Further, our surface water resources are also at threat of pollution. The Nairobi River, for example, has become a hotspot for industrial and domestic effluent discharge. Although interventions are underway to improve the status of this river, much more should be done for this river which would have ideally supported water supply to the growing urban population in Nairobi. In addition, the pollution level does not allow any abstraction for domestic water use. This is the case for most surface water bodies in Kenya which face various pollution-related pressures.
The need to better manage the water resources in Kenya has never been greater. Ensuring the sustainability of current and future water resources requires we protect and restore the water towers, stop the degradation and protect our surface waters from pollution.

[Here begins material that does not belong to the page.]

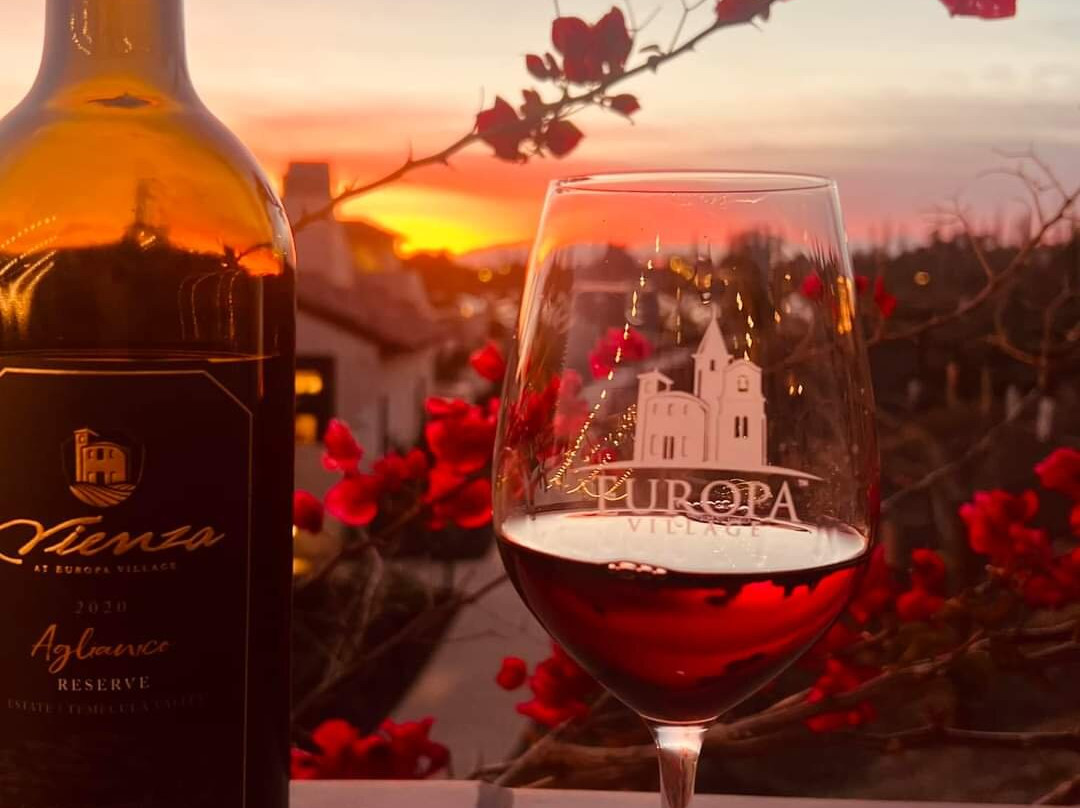 Europa Village Winery-特曼库拉必去景点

The Advanced Water Management MSc has been tailored to provide an in-depth understanding of catchment processes, surface water bodies and groundwater aquifers and relevant policy interventions and instruments currently being used in the UK and the EU to manage water resources. The MSc is also embedded in the context of a changing climate and increasing demand for water due to pressures like population growth.
In 2014, Kenya rolled out a National Water Master Plan in line with the Kenya Vision 2030. This Masterplan sought to protect Kenya’s vulnerable water resources’ availability, reliability, and quality up to 2050. I hope to contribute to the realisation of these goals with my skills from Cranfield University by working for the Kenyan Government, specifically in parastatals and ministries steering this Masterplan. The pillars on which the Masterplan is designed align with the taught modules for the Advanced Water Management MSc. I hope to have gained skills in integrated management of catchments, water quality monitoring, river restoration, flood and drought risk management and catchment modelling which will be useful in the realisation of the Masterplan. I, therefore, believe my contribution will make a real difference.
I am very optimistic because more and more people are becoming aware that if we do nothing now to protect our water resources, we might be exacerbating the already significant global water crisis. For instance, political goodwill to environmental conservation and water tower protection in Kenya has greatly improved. We are looking at a future where farmlands will be restored to original forest land. Measures such as mixed farming and agroforestry are already being explored to ensure this restoration is acceptable to farmers and landowners.
The same applies to the case of surface and groundwater pollution. Much more is now being done to restore rivers like the Nairobi River. My optimism is pegged on a scenario of people understanding why this needs to be done and how important it is for themselves and future generations.